Sam Absolves Your Guilt
Happiness, according to Dr. Shaw in Wally Lamb’s knockout of a novel She’s Come Undone, is something one builds out of “insight and good habits.” Dr. Shaw tells Dolores, the novel’s main character, that she needs to “orchestrate” happiness, and “work at it,” because “you don’t catch it as it hurls toward you like a football.”
Is he right? I’m not sure; I’d be a full-time happy person if I knew that. I’m tried to catch my share of footballs, fumbling most of them.
But what I do know is that I see plenty of happiness can come from what early Christians labeled as sinful. Sloth? I’d sleep till noon every day if I didn’t have to, you know, work. Gluttony? I probably gained five wonderful pounds on Thanksgiving Day, and I donated food to a pair of local food banks so that maybe others could do the same. Lust? Relationships, even healthy ones, founder without a little bit of lust. If there were an eighth deadly sin called the Sin of Liking Stephenie Meyer’s Twilight series, I’d be happily guilty of that one, too.
Were the seven deadly sins, and the tutelage to avoid them, a means to help us poor, fallible humans be happy? My religiously uneducated perspective says no; my cynical Generation X perspective says that Catholic leaders were trying to exert their power, to make people feel guilty and broken when they felt these natural human emotions and urges.
About the only good thing that I think has come from the idea of the seven deadly sins is some great literature. I was convinced to read Dante’s The Inferno, The Purgatorio, and The Paradiso by a guy for whom I felt a non-trivial amount of Lust. Though the guy is long-gone, I’m still happy I read the books. (see? Lust is good for something…) Dante carefully layers his hell, rating the sins by severity, almost to the point of absurdity (I like to think Dante had a little Generation X cynicism, too). I’m a little miffed that he didn’t include a ring of hell for Metermaids, Pushy Leasing Agents, and Mediocre Phlebotomists, but nobody’s perfect.
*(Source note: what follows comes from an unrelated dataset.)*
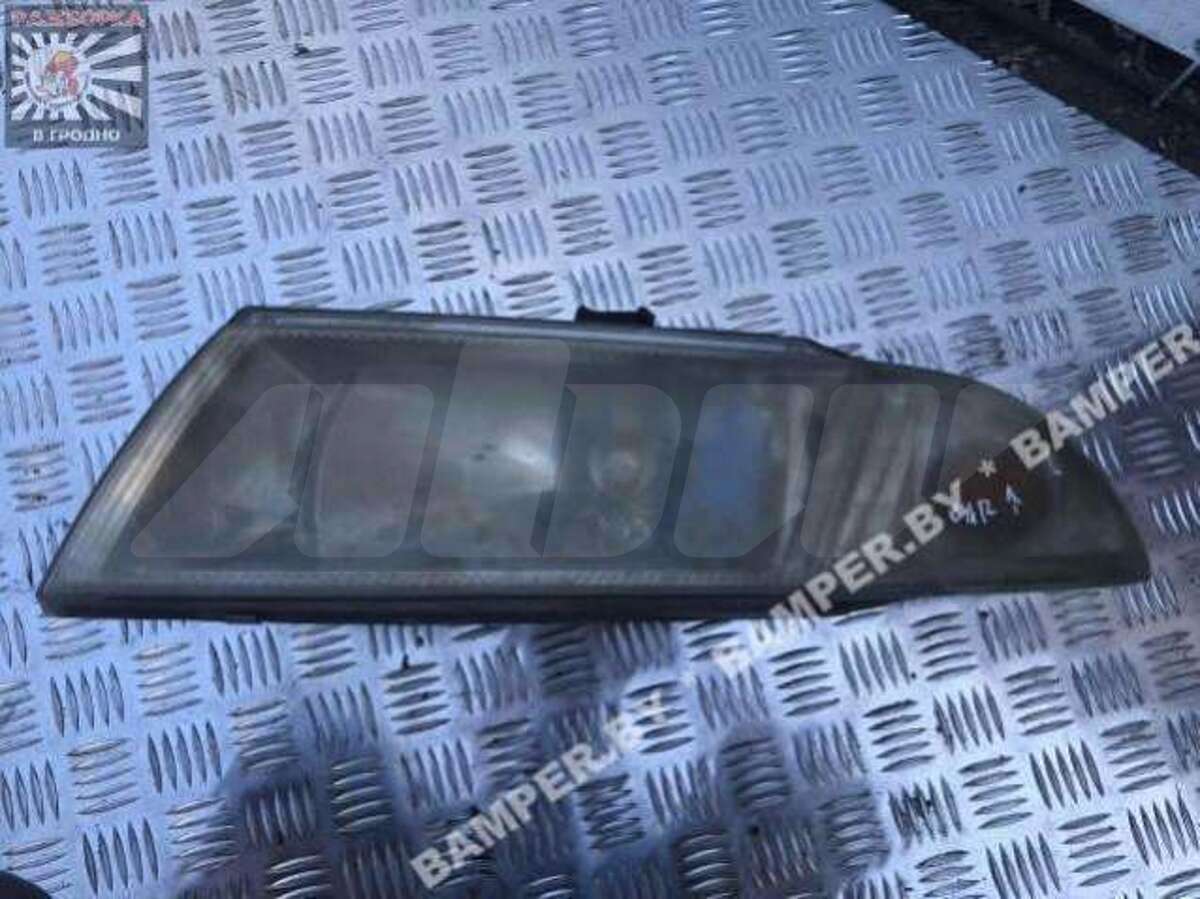 Фара левая к Mitsubishi Carisma 2000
In the end, Dolores from the novel draws what will make her happy on an Etch-a-Sketch: a picture of a tall, heavy-set man with a friendly face and glasses, whom at that point in the novel she hasn’t yet met, but will eventually marry. We should all be so lucky. I say, let’s all have our unique routes to happiness, then, even if they involve a few pit stops at what others call sin; let’s revel in our human strengths and weaknesses–in moderation, of course–because what other choice do we have?